An avid learner, she exuded what she wanted her children to be: avid learners.
“When we would get our books from school, she would get those and read them, read magazines, the paper, anything she could get her hands on, she would read,” said Hutchinson.
She recalls her mother’s reaction to overhearing her saying with a friend that the money she was making at a summer job was so good that she didn’t need to go back to school in the fall.
“She said, ‘you think that piece of change means something,’” Hutchinson said. “She made me quit that job.”
And she sacrificed to make sure that education would be a reality.
“I wanted a pea coat,” Hutchinson said. “My mother took her winter coat, cut it down, and made me a pea coat.
“I remember seeing her that winter wear her spring jacket,” she recalled. “She would layer it. Underneath she would put on a sweater, maybe with a hole in the elbow or something, then another sweater, then her spring jacket.”
Later, Hutchinson realized that sacrifice when she was able to purchase her first house.
“It was over there where she used to clean houses,” Hutchinson recalled, “and I cried because I thought I wished I could have brought my mother here.”
“I don’t ever remember not being politically active,” Hutchinson said. “My mother was actively and politically involved. At that time it was the progressive republican movement. I was what they called a Young Progressive Republican until the crazies, the real conservatives, came in.

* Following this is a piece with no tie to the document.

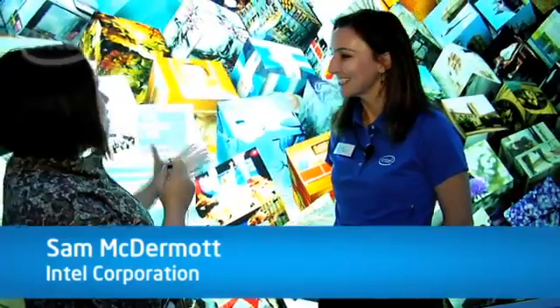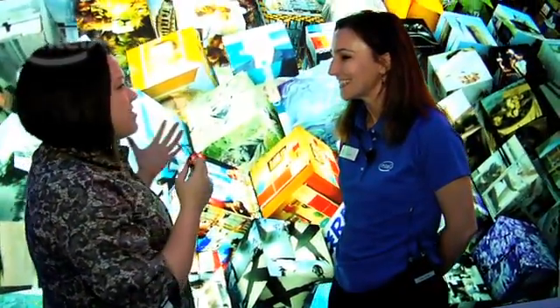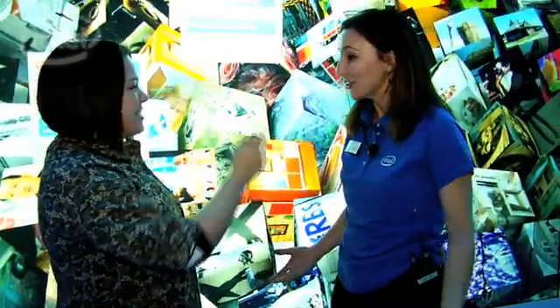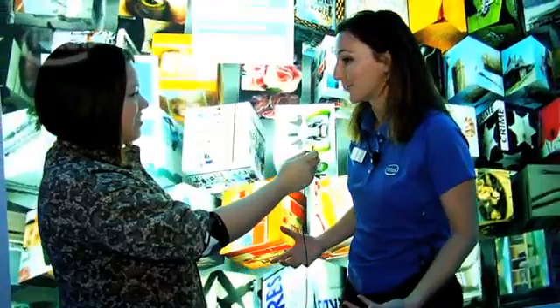I was just jaw-dropped by what you have on the screen. Can you tell me exactly what's going on on this amazing, really interactive display? You nailed it, Nicole. This is called Infoscape and we developed this specifically for CES.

We helped elect Eisenhower.”
She became aware of her own vested interest in community politics when she began working with a church member: civil rights activist and NAACP board member Channing H. Tobias, who would be appointed to President Harry Truman’s Civil Rights Committee.
Her first major campaign endeavor was for New York congressman Adam Clayton Powell. Since then, she’s volunteered for Jimmy Carter, New York mayor John Lindsay, and Freedom Rider Percy Sutton.
Hutchinson’s granddaughter, Shanease Dickey, whose community service, she admits, is an inherited trait, offered that she had even been the plaintiff in an NAACP lawsuit years ago.
“I got the paperwork from my aunt,” she said. “when I read it, I was just like, ‘wow’. She really has always been involved.”
Today, she serves on the board of the NAACP, with local politicians such as Norfolk sheriff Bob McCabe and Virginia representative Bobby Scott and in various roles for her church.
Can’t stop, won’t stop
Putting the reason why she is still, now, active in her community into words is hard. The answer involves memories, stories, losses.
Long story short: She remembers.
She remembers the sacrifices of others.
“Somebody struggled and pushed and went to the mat for this,” she stated. “People like Fannie Lou Hammer.”
She recalled witnessing pictures of the people who had come before her like Hammer, whom she said was beaten badly, but never relented.
“That’s why I never give up.”
No end for her service is in sight. And now it is more important than ever.
“It took us 300 years to get this stuff,” she said of civil rights, “and in [the last] 25 years they’re dismantling it.”
To Melinease Hutchinson, community work is not optional, it is a duty, an honor we owe those who came before us.
“She’ll never stop,” added Dickey. “She can’t. It’s in her to do this.”
And at the end of the day, “We need to make a difference,” said Hutchinson. “I think I can still make that difference.”